A couple of things that were of interest to me. First, the trainer uses the word "FETCH" only when doing the FF. Otherwise it's "take it", which is what Tito is used to from obedience. I asked him why, he said that Fetch is "the F-word" to his dogs. When they hear that word they associate it with a certain behavior, whereas "take it" can be used for fun bumpers, etc. I hadn't thought of this, but can see it would be valuable to have two different commands. When Tito is totally force trained, I assume we will switch to using "Fetch" when going for birds. (?)
Also, the trainer says that in a way dogs like Tito are very hard to train, because he is so smart and willing. Sometimes it's hard to tell if Tito is doing something because he wants to (willing), or because he feels he HAS to. We have a hard time setting him up for situations where he doesn't choose to do something and we have to force him to do it. This is critical (which I can see from what's going on in the obedience ring right now, but that's a different topic) because at some point he is going to decide he doesn't want to do something and we need to have this to fall back on. Right now he decides he wants to do whatever we want him to do. It's his basic personality. So it's easy to assume that he's thoroughly "trained" when he's not. He's just going along with the program because he feels like it.
We do things like have him run a bit so he's warm and panting, and then have him walk around holding a bumper. Clearly he'd rather *not* hold the bumper, but danged if we can get him to drop it so we can get a correction in. We have to keep upping the ante to get him to decide not to do something we've asked him to do. 

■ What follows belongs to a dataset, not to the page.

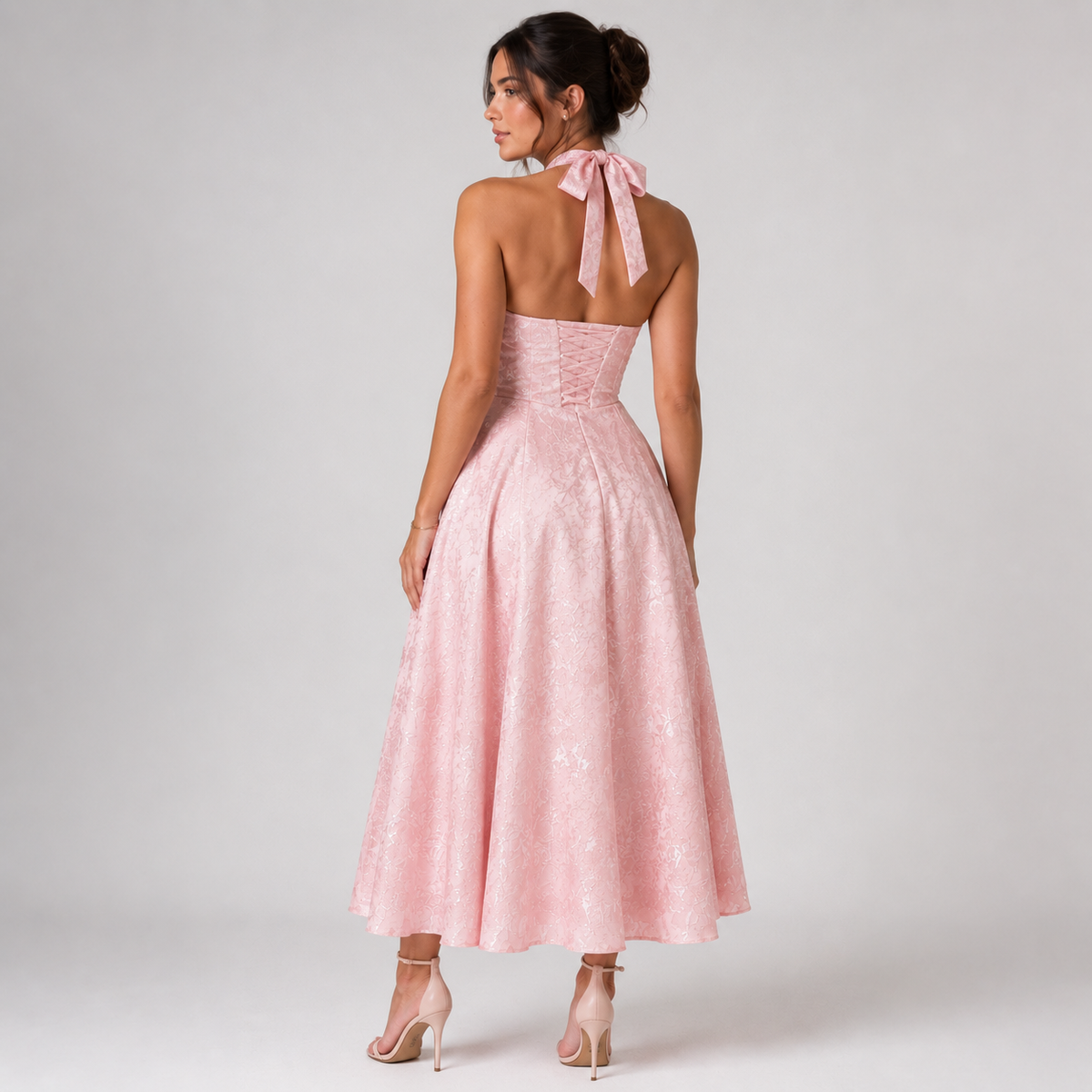 VIVIENNE Backless Halter Maxi Dress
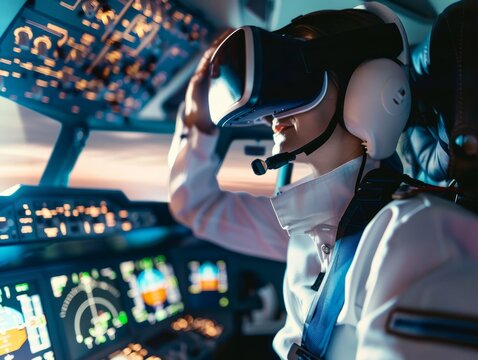 Pilot training in flight simulator with virtual reality glasses at aviation school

Next about 10 minutes of e-collar work. Week 4, it was some sit, here, heel work. Nothing major, and Tito responded very well to it. Dan asked me to do it at home during the week (fast forward, I did NOT use the collar at home. I'm afraid I'm not going to use it right. Lack of security on my part. Made a mental note to have Dan work with me week 5 on the use of the collar). 
Week 5, MAJOR e-collar learning experience! Dan worked with me a little, having me do some very basic obedience with Tito (on leash) but Dan had the collar control. He would "nick" Tito every so often, and say "NICK" when he did it so that I could learn how to do it correctly. It was a great way to do it, the collar stimulations were coming at the exact right time without me messing it up, and I was able to understand the correct use of the collar.
Well.....
Tito decided at one point (not sure what led up to it, it's a blur) that he was going to take off for the pond and have himself a nice little swim around the lake. The trainer blew the come-in whistle and shouted for Tito to come. There's NO WAY the dog didn't hear him. But he just kept going. NICK-NICK---BRIEF CONTINUOUS STIMULATION on the collar. Tito turned on a dime and came flying back to us (he'd been about 40 yards away). LOTS of praise for making the right choice as soon as he turned back toward us. Of course we set him up for the exact same situation immediately, he decided to go for a swim again, but this time all it took was one short collar nick and he came right back.
It was a MAJOR "aha" moment for him. No leash....but we still have control of him....
The third time, we didn't have to nick the collar to get him to come back.
This was followed immediately by some swimming, even though that wasn't what Dan had originally planned. He wanted Tito to associate the correction with ignoring a command, not with going in the water, so he was taken right away in the water and allowed to swim around a bit. No bumpers, just in case there was a negative association Dan didn't want it to be with bumpers/fetching. But there was no negative association. I truly believe Tito made a conscious decision to ignore the come command, and knew why he was being corrected.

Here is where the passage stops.